“The glory of friendship is not the outstretched hand, not the kindly smile, nor the joy of companionship; it is the spiritual inspiration that comes to one when you discover that someone else believes in you and is willing to trust you with a friendship.” – Ralph Waldo Emerson
It is commonly noted that children make instant friends with one another, and I suppose it is so because they lack the pretense, greed and self-consciousness that often plague their adult counterparts. In short, they are pure of heart.
Insufficient purity of heart is the reason why most people tend to have many acquaintances, but few true friends. They approach others in the spirit of acquisitiveness, that is, they are looking for others primarily as a means of filling a void in themselves. They feel unloved, undesirable, uninspired, uninformed, among other things, and they set out to find people to fill in what they themselves have proven incapable of filling out.

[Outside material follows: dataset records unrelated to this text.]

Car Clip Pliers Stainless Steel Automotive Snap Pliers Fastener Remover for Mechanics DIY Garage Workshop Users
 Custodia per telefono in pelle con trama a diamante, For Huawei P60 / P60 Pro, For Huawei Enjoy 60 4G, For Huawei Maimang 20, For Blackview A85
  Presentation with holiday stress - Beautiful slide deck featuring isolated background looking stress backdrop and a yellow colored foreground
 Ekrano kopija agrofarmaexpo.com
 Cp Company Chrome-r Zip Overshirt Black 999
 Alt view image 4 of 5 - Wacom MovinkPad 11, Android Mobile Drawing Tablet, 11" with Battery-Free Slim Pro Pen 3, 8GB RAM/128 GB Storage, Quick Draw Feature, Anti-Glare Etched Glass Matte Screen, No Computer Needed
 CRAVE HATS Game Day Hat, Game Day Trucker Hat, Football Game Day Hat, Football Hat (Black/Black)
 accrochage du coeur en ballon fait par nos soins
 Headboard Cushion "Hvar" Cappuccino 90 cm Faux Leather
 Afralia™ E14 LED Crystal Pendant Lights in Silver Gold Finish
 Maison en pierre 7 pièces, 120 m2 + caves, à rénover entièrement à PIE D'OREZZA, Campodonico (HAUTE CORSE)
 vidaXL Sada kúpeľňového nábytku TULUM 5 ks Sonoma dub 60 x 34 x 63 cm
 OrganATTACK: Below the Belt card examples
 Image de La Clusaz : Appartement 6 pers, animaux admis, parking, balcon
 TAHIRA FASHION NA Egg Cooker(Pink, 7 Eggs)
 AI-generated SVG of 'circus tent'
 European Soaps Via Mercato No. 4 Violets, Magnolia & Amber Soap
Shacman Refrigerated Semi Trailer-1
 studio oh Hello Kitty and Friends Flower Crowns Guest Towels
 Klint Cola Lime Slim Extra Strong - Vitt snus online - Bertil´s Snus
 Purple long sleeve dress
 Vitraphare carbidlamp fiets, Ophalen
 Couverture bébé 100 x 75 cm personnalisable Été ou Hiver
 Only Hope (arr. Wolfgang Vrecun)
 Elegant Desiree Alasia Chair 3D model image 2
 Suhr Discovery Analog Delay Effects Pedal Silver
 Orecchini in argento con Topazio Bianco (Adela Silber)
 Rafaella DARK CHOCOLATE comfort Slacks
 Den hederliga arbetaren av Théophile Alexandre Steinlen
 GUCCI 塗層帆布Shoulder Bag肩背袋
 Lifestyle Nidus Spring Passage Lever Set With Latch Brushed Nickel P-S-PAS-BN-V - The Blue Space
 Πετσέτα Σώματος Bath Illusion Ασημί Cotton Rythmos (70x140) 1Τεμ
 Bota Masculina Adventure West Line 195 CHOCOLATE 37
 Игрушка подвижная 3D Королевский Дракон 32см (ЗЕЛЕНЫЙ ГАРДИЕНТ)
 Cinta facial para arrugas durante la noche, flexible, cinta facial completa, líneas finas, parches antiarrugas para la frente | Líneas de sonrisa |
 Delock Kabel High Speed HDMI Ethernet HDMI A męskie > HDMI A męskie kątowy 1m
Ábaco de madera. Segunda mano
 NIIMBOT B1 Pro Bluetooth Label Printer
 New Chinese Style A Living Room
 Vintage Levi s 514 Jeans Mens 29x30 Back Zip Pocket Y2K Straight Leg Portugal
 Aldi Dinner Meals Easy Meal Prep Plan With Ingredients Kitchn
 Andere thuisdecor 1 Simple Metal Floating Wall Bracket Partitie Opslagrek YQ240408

Don’t get me wrong; we do need one another. We need friends, and lots of them. The basis upon which we set out to make them, however, is far more important than most have imagined. True friends can only be formed when the waters of the heart are pure, when both individuals are rooted in selfless service, motivated by love, and unconcerned about personal wants.
The lure of friendship is often cast into a pool of potential friends with the desperation of a hungry fisherman. Sadly, such attempts to find friends to fill outer needs or satisfy inner hungers rarely work out in the long run.
If you wish to be a friend, you must be willing to believe in others and trust them with your friendship. You must find it in yourself to approach them with sufficient purity of heart to merit the glories of friendship. To have a friend, you must be one.